The Private Sector's Perspective, Priorities and Role in Regional Integration and Implications for Regional Trade Arrangements
Regional trade arrangements in Southern and Eastern Africa have been characterised by countries’ multiple and overlapping membership in different regional integration initiatives. With COMESA, EAC and SADC each being mandated by their member states to become customs unions, the pattern of overlapping memberships becomes impossible to maintain – unless COMESA, EAC, SACU and SADC effectively adopt the same common external tariff. Overlapping multiple agreements would not be such a problem if an overall plan was in place to synchronise the common external tariff of the groups so that in the end they would form one large trading bloc. However, no such long-term plan appears to be in place, other than the stated ultimate goal of establishing the African Economic Community (EAC) by 2025.1 Therefore as each of these regional groupings moves along the path towards deeper integration, their members will have to decide which best serves their interests. The negotiation of economic partnership agreements with the European Union has catalysed this decision-making process.
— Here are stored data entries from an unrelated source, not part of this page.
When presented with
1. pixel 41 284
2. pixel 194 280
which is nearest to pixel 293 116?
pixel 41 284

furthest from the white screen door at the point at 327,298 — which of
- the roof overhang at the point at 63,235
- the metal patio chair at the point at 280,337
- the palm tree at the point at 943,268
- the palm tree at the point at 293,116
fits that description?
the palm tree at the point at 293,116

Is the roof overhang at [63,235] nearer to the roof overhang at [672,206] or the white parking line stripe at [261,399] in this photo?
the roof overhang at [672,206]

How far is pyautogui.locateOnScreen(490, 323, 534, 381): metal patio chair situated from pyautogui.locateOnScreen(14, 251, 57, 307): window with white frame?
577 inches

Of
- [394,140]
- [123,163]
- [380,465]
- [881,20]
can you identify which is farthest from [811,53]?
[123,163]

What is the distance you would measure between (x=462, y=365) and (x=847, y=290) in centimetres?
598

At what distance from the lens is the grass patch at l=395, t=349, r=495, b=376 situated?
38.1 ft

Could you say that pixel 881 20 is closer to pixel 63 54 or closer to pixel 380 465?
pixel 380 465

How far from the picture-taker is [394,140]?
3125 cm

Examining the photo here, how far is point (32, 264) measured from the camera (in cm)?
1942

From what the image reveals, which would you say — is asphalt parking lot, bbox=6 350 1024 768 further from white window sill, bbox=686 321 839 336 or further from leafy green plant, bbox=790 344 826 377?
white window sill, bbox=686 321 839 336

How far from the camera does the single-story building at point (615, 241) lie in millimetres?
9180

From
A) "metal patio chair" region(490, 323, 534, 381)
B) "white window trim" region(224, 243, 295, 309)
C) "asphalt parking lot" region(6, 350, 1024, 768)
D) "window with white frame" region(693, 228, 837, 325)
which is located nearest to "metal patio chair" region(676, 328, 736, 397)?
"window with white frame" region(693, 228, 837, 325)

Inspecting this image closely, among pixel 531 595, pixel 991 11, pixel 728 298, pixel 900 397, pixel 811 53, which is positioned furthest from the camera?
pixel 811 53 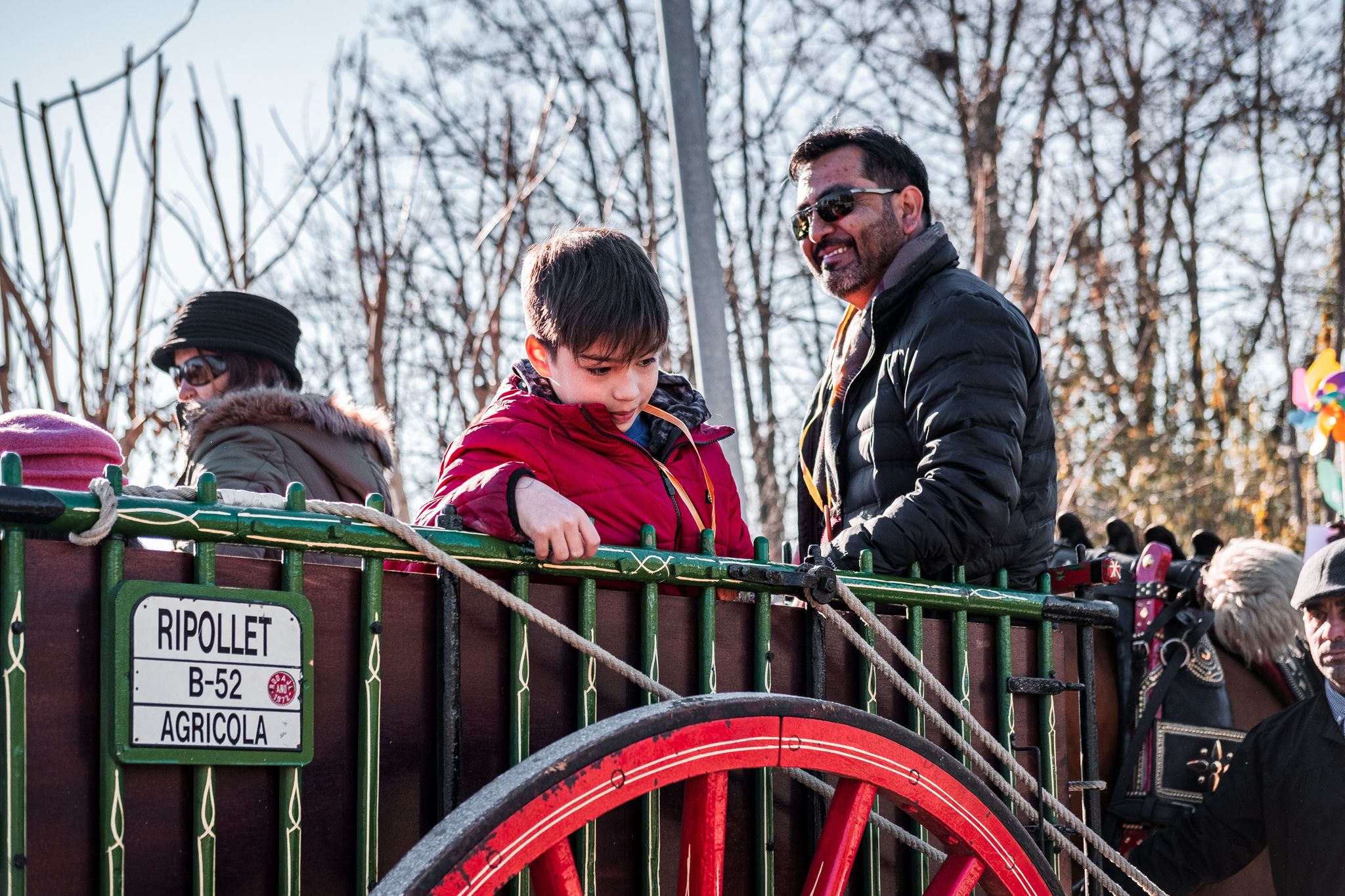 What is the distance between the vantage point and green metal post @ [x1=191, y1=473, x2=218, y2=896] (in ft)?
5.52

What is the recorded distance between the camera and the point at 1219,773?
348 centimetres

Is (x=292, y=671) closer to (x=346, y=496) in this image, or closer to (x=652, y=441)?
(x=652, y=441)

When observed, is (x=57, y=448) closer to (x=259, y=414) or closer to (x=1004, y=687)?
(x=259, y=414)

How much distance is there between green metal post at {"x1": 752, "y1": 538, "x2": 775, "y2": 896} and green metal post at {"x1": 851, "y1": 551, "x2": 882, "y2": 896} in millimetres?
193

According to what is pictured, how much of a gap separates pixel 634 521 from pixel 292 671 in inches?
33.1

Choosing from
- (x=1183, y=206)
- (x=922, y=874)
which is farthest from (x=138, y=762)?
(x=1183, y=206)

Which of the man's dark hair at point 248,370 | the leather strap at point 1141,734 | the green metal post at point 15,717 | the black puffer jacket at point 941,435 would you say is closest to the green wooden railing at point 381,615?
the green metal post at point 15,717

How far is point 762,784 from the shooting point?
2.28 m

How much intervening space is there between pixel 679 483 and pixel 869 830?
70 centimetres

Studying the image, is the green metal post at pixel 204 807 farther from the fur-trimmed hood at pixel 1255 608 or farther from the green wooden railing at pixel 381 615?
the fur-trimmed hood at pixel 1255 608

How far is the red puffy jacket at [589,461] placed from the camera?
239cm

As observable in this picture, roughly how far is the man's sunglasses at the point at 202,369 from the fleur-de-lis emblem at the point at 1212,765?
272 centimetres

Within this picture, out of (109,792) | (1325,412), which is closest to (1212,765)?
(1325,412)

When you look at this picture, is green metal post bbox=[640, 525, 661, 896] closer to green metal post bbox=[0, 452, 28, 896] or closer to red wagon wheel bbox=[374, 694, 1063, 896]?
Result: red wagon wheel bbox=[374, 694, 1063, 896] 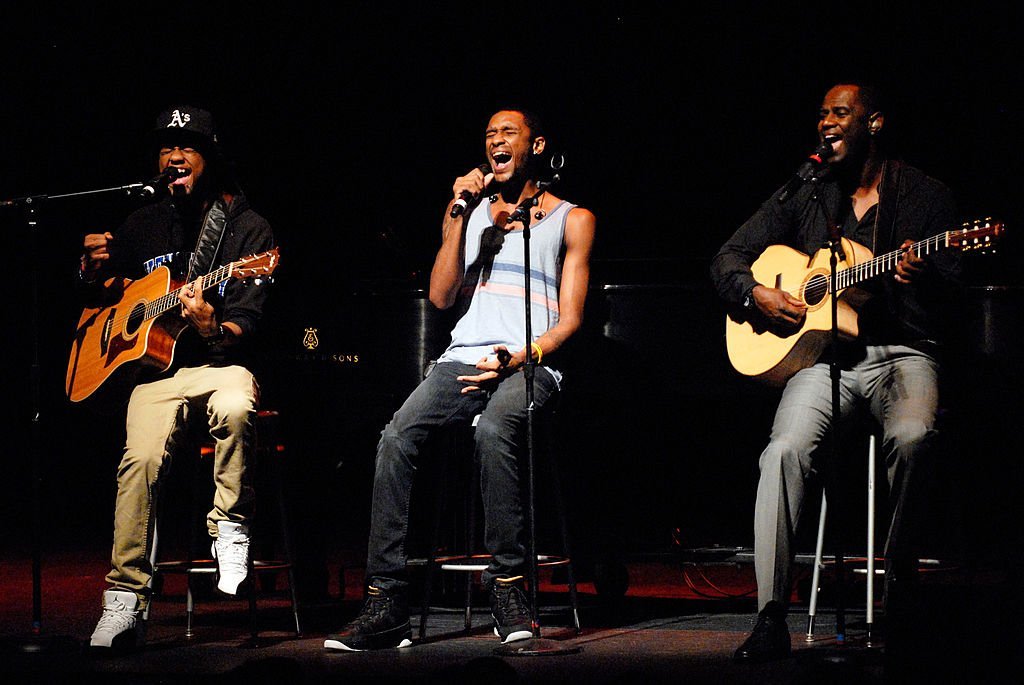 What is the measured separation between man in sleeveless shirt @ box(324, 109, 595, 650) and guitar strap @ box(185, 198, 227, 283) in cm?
86

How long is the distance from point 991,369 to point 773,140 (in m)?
2.46

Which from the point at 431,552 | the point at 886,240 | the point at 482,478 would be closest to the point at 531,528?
the point at 482,478

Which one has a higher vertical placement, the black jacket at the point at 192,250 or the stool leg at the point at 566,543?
the black jacket at the point at 192,250

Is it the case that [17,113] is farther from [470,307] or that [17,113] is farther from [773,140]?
[773,140]

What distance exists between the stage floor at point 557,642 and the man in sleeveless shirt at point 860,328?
0.93 feet

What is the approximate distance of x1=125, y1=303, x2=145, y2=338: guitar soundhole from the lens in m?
4.52

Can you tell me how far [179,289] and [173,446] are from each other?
0.59m

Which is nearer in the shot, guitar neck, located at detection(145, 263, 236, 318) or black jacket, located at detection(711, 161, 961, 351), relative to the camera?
black jacket, located at detection(711, 161, 961, 351)

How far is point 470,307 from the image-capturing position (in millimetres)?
4555

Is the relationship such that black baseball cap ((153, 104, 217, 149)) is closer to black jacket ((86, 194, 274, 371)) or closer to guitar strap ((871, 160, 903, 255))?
black jacket ((86, 194, 274, 371))

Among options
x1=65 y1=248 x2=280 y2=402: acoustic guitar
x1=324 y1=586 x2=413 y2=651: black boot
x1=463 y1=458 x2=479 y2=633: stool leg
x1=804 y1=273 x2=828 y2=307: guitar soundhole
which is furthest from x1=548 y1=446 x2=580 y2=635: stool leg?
x1=65 y1=248 x2=280 y2=402: acoustic guitar

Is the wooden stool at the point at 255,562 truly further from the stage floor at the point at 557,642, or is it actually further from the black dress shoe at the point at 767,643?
the black dress shoe at the point at 767,643

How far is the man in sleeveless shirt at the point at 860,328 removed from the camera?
3797 millimetres

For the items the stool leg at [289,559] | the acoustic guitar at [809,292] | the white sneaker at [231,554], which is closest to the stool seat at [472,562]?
the stool leg at [289,559] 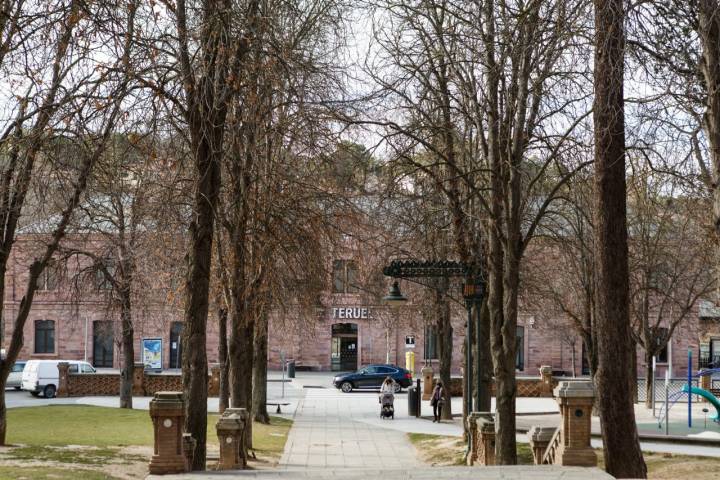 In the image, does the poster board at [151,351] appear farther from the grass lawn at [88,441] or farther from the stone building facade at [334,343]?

Several studies have addressed the issue of regional trade arrangements and overlapping memberships. However, the question has yet to be looked at from the private-sector perspective. Given that companies, not countries, trade and invest and that the objective of trade policy is to shape companies’ incentives so as to engender growth and development, their perspective is central to any attempt to assess regional integration. Hence the private sector, in terms of their perspectives and priorities for regional integration, is the main focus of this study.